Représentant le Bâtonnier
Christian Charrière-Bournazel, Rachel Lindon et Matthieu
Brochier, 4ème et 6ème Secrétaires, se sont
rendus à Phnom-Penh au Cambodge pour assister aux audiences de
plaidoirie dans l'affaire concernant Douch, ancien khmer rouge accusé
de crimes contre l'humanité pour avoir dirigé le centre
S21. Ils livrent leurs impressions quotidiennes.
La
journée du 26 novembre 2009 a été marquée
par la plaidoirie de François Roux, avocat à
Montpellier, pour Douch.
Pour sa dernière plaidoirie
avant de rejoindre la direction de la défense du Tribunal
spécial pour le Liban, Francois Roux a pris la parole pendant
4 heures.
Il a d'abord fait comprendre qu'il aurait voulu
plaider coupable pour Douch, mais qu'il en était empêché
depuis l'inattendue demande d'acquittement, formulée par la
veille par son confrère cambodgien. Francois Roux a tout de
même insisté sur la reconnaissance par son client de sa
responsabilité.
Il a évoqué l'affaire
Obrenovic, haut militaire impliqué dans les massacres de
Sebrenica, au cours de laquelle le Procureur avait tenu compte dans
ses réquisitions de la coopération de l'accusé
et de sa reconnaissance de responsabilité. Francois Roux a
fait diffuser une vidéo des réquisitions dans l'affaire
Obrenovic, dans laquelle on voit le Procureur particulièrement
ému quand il prend la parole et remercie Obrenovic d'avoir
participé à la recherche de la vérité.
Francois Roux a expliqué que les réquisitions dans
l'affaire Douch auraient dû être similaires, mais que
l'accusation, en requérant "violemment contre un homme à
genoux", s'était "trompé de
procès".
L'avocat a surtout dénoncé
le discours classique et "usé" de l'accusation, qui
se contente d'affirmer que le mis en cause est un criminel dangereux
qui mérite d'être exclu de la société et
emprisonné. Selon Maître Roux, les co-procureurs ont
évité la vraie question : il aurait été
nécessaire d'élever le débat de part et d'autre
de la barre, afin que ce procès aide à déterminer
comment un homme bon a pu devenir un bourreau. C'est à cette
condition seulement que le procès et la peine pourraient être
exemplaires.
L'avocat a insisté sur le fait que Douch
n'était pas un dirigeant du parti des khmers rouges, qu'il
avait servi un parti révolutionnaire et qu'il était
persuadé d'oeuvrer pour le bien de son pays avant de réaliser
qu'il participait à une entreprise criminelle. Francois Roux
est revenu sur les regrets sincères émis par son
client, qui s'est même effondré en larmes lors de la
reconstitution des faits au camps S21.
L'avocat français
a voulu démontrer que le seul crime dont son client pouvait
être coupable est celui d'avoir obéi aux ordres de ses
supérieurs: un crime "d'obéissance ou de
soumission", illustrant ses propos par des travaux de
philosophes tels que La Boétie ou Arendt.
François
Roux a enfin plaidé la peine, rappelant les circonstances
atténuantes applicables en l'espèce : les ordres reçus,
les regrets exprimés, la coopération et l'avis des
experts selon lesquels Douch est réinserable.
Francois
Roux a conclu en demandant si un homme condamné pour
crime contre l'humanité pouvait être réinséré
et si Douch pouvait être aujourd'hui utile à l'humanité.

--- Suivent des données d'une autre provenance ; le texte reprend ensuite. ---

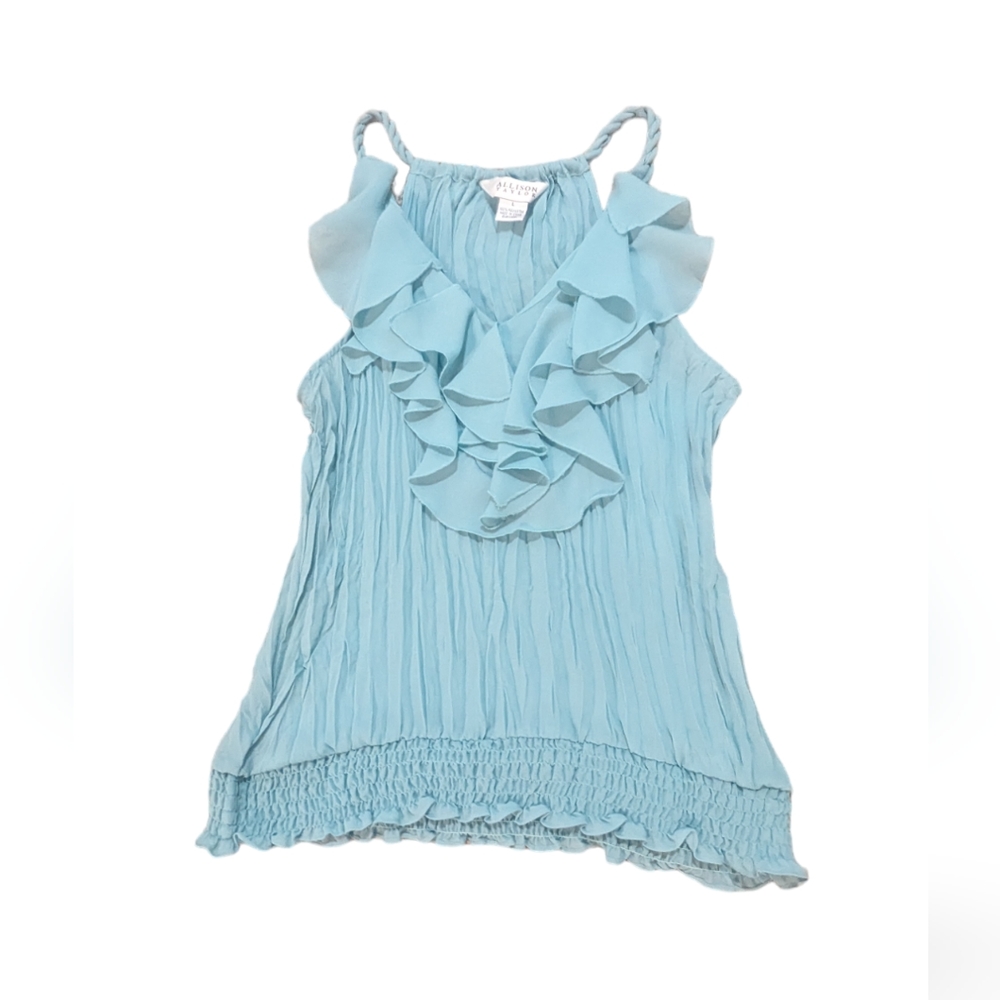 NWT Allison Taylor Aqua Turquoise Ruffle Tank Top Womens Large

L'avocat a répondu par l'affirmative aux deux questions,
rappelant qu'Obrenovic avait été condamné à
17 ans de prison et Albert Sperr (ministre d'Hitler) à 20 ans
de réclusion.
La procédure devant les CETC
prévoit des répliques pour chaque partie. Les parties
civiles ont ainsi eu 1 heure pour répondre aux avocats de
Douch. Demain matin, les co-procureurs reprendront la parole, avant
de la laisser une dernière fois à la défense.